At last, the media is staring to “get” that legal aid is not just traditional advocacy.
The Time’s Fixes has a piece on digital expungment, ATJ hackathons, our guest blogger Claudia Johnson, Law Help Interactive and more.
The rise of online legal forms may not be a gripping subject, but it matters. Tens of millions of Americans need legal help for civil problems — they need a divorce, child support or visitation, protection from abuse or a stay of eviction. They must hold off debt collectors or foreclosure, or get government benefits.
They often have to fight these battles on their own because — despite the fact that civil cases can result in people going to jail, or losing a house, health care or custody of their children — they don’t have the right to a lawyer, as defendants in criminal cases do. Four out of five people who need a civil legal aid lawyer don’t have one.
Walk into a court case between landlords and tenants, or creditors and debtors. The landlord always has a lawyer.
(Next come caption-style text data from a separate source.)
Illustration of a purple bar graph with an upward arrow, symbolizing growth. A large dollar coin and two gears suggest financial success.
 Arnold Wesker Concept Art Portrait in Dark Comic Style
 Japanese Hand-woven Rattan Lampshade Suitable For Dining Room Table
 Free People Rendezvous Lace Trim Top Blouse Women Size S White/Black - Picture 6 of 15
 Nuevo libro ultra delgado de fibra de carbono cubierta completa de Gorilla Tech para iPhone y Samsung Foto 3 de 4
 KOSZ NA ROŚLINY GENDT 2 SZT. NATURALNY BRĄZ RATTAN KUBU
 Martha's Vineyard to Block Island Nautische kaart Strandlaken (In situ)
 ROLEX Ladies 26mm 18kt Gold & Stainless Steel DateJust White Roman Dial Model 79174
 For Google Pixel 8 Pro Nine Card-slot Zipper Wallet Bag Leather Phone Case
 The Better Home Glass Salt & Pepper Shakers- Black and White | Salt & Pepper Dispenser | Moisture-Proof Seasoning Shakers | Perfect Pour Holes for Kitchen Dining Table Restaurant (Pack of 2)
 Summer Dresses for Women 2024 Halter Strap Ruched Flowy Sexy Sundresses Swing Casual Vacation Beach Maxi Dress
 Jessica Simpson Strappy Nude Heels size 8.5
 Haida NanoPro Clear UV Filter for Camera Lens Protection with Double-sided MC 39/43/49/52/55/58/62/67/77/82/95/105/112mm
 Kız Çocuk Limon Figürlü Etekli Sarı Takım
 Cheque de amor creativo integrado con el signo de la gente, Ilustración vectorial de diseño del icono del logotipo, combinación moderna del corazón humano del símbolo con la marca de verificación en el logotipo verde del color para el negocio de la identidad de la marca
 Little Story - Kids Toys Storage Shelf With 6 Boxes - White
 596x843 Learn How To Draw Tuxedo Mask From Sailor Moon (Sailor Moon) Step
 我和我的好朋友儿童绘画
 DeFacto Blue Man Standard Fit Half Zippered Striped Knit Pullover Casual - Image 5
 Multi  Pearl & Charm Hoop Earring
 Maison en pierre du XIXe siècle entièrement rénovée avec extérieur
The credit card company always has a lawyer. The tenant or debtor practically never does.
This is not just a problem for overmatched individuals. “It creates industries that become more abusive,” said Claudia Johnson, the program manager of LawHelp Interactive, a nationwide initiative to increase access to justice. “They feel ‘we can do whatever we want.’ This is part of the reason we have lost social mobility.”
The solution is to establish a right to counsel in the civil cases where the most is at stake. Many state bar associations support a civil right to counsel, and 18 states are considering laws to guarantee a lawyer in certain civil cases. But until that happens — and we may wait a long time — it makes sense to take a harm-reduction approach and help the self-represented do the best they can. One way is with online forms and apps.
What’s really great about the piece is that it starts the brainstorming process about the other possibilities that come from automated court access, forms, etc, including the idea that programs could be proactive. Wonderful.
What else could technology do? “There’s a lot of low-hanging fruit that hasn’t been grabbed yet,” said Stubenberg [of the Maryland Online Expungement Project]. “Foreclosure, for instance, deals a lot with whether certain papers were filed at the right time. Banks have to file certain papers in the right order and on the right date.” It’s a significant issue. One study of the behavior of mortgage companies in consumer bankruptcies found that in a majority of cases, the mortgage companies had not complied with the law.
“An app could find all the times the bank made a mistake,” said Stubenberg. “And we could find the clients. We could tell them, ‘You have a house that can be saved because banks screwed up. Would you like us to help you?’ In theory, you’d have a success rate of nearly 100 percent.”
Thanks, NYT and writer Tina Rosenberg, who is also one of the founders of the Solutions Journalism Network.
p.s. I have previously blogged about the idea of a national expungement project, here. Also more generally about the potential of mobile technology for access to justice.